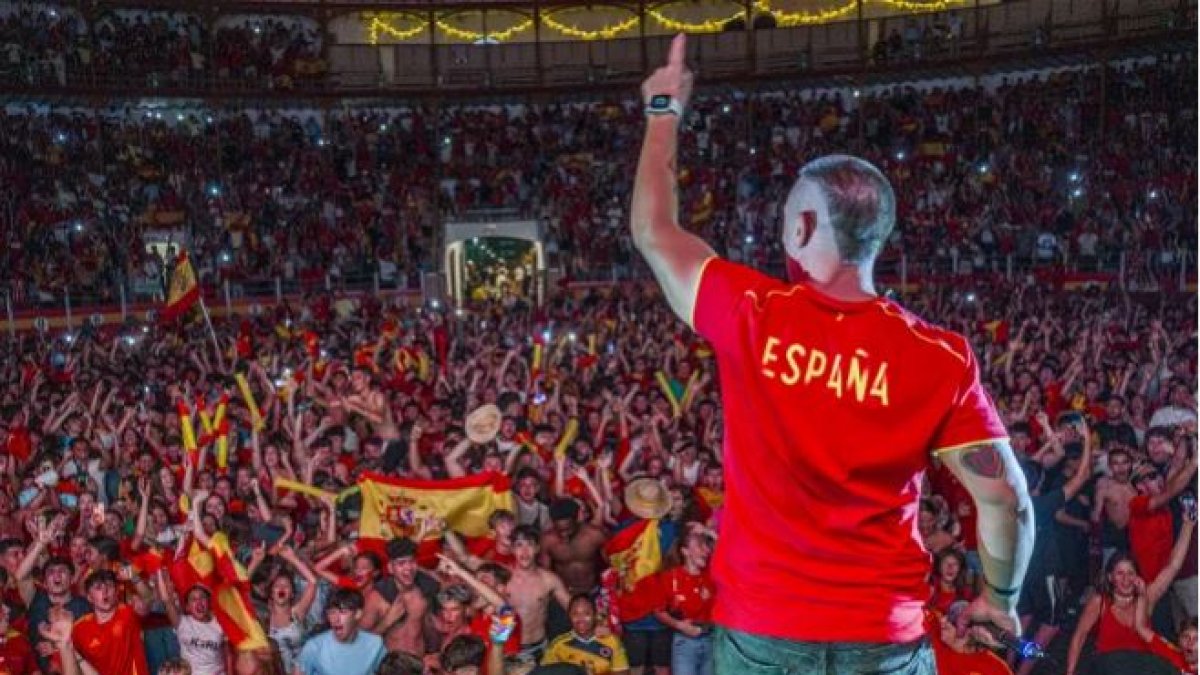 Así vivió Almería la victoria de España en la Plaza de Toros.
********************
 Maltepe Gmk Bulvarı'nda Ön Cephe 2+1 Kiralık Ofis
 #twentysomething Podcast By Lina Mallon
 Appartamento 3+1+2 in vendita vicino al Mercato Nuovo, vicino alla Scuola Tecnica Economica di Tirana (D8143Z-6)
********************
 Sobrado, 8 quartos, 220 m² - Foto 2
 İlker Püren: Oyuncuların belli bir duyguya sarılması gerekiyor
********************
Would you copy out exactly the lines above that start at the one containing "#twentysomething Podcast By Lina Mallon" and end at the one containing "Appartamento 3+1+2 in", inclusive?

 #twentysomething Podcast By Lina Mallon
 Appartamento 3+1+2 in vendita vicino al Mercato Nuovo, vicino alla Scuola Tecnica Economica di Tirana (D8143Z-6)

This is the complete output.